Monday, 25 May 2015

More on the "Local Plan" Examination

Now that the General Election is over, the Cornish Guardian has invited me to resume my weekly column. In this coming week’s edition, I comment on the recent Examination into the Cornwall Local Plan. It will be as follows:

Last week, I spent a number of days at the Atlantic Hotel in Newquay, where key elements of the proposed Cornwall Local Plan were being assessed through a Public Examination.

I have written before about my frustration at how the production of the Local Plan – the planning blueprint to guide future development in Cornwall up to 2030 – has been “guided” by onerous constraints imposed by central government.

And at the Examination, a single (up-country) Inspector is checking to see that the document is “sound” or – in others words – compliant with the policies of central government. These include the National Planning Policy Framework, which contains a “presumption in favour of development” and has been rightly described by many people – myself included – as a “developers’ charter.”
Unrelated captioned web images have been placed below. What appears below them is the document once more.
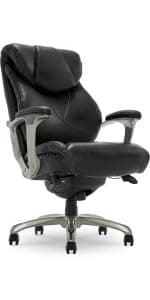 La-Z-Boy Delano Big and Tall Executive Office Chair - Ergonomic Lumbar Support Memory Foam - Bonded Leather Desk Chair for Home Office - Mahogany Wood Arms - Black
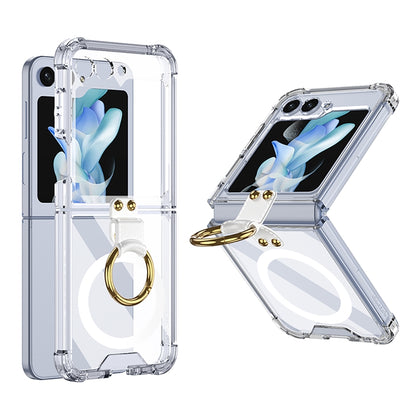 For Samsung Galaxy Z Flip5 GKK MagSafe Airbag Hinge Shockproof Phone Case with Ring Holder(Transparent) - Galaxy Z Flip5 Cases by GKK | Online Shopping South Africa | PMC Jewellery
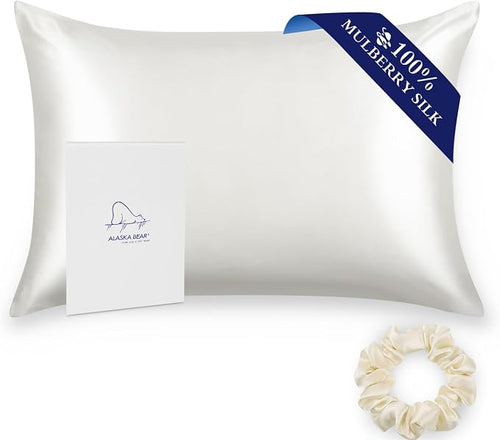 ALASKA BEAR Silk Pillowcase for Hair and Skin, 100% Mulberry Silk Pillow Cases by ALASKABEAR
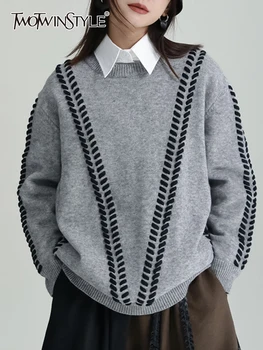 TWOTWINSTYLE, Хитовые Цветные повседневные вязаные свитера для женщин, круглый вырез, Длинный рукав, Свободный Темпераментный свитер, Женская мода 2023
Amongst other things, the Local Plan contains a housing target of 47,500 new properties in Cornwall between 2010 and 2030, which is not popular with a growing number of people who are concerned at how their communities are changing beyond recognition.

And yet, last week’s Examination was addressed by a large array of landowners, developers, planning agents and high-powered legal professionals. These included representatives of the House Builders Federation, Wainhomes, Persimmon Homes, Eco-bos and many, many more.
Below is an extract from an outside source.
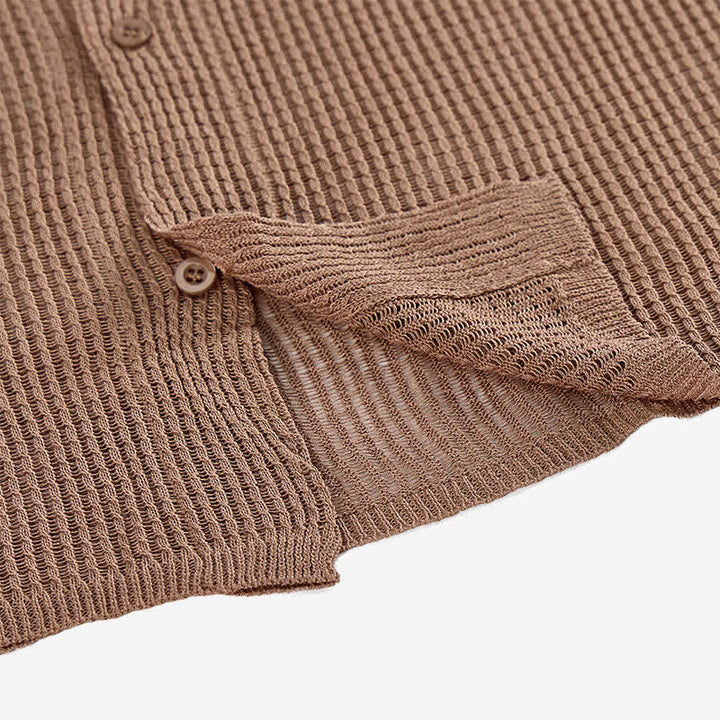 Camicia da uomo a maglia traforata, vestibilità comoda - image 5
They collectively spent much time trying to pick holes in the Council’s documentation, using every opportunity to push for a significantly higher housing target – so that they could build more and boost their profits. They even argued that more housing should be built to compensate for the loss of permanent homes to second homes.

At this stage, it is not possible know how the Inspector will rule and what changes he will insist are made to the document in the coming months.

But this initial stage of the Examination has reinforced my view that all decisions about planning and planning policy should be taken in Cornwall.

I believe this should include the production of a Cornish National Planning Policy Framework to replace Westminster’s NPPF, which would allow housing and other targets to be agreed locally without interference from central government.

It is my belief that this would also allow Cornwall to have a lower and more sustainable housing target, with development geared to meet local needs and planning policies that actually defend the Cornish countryside.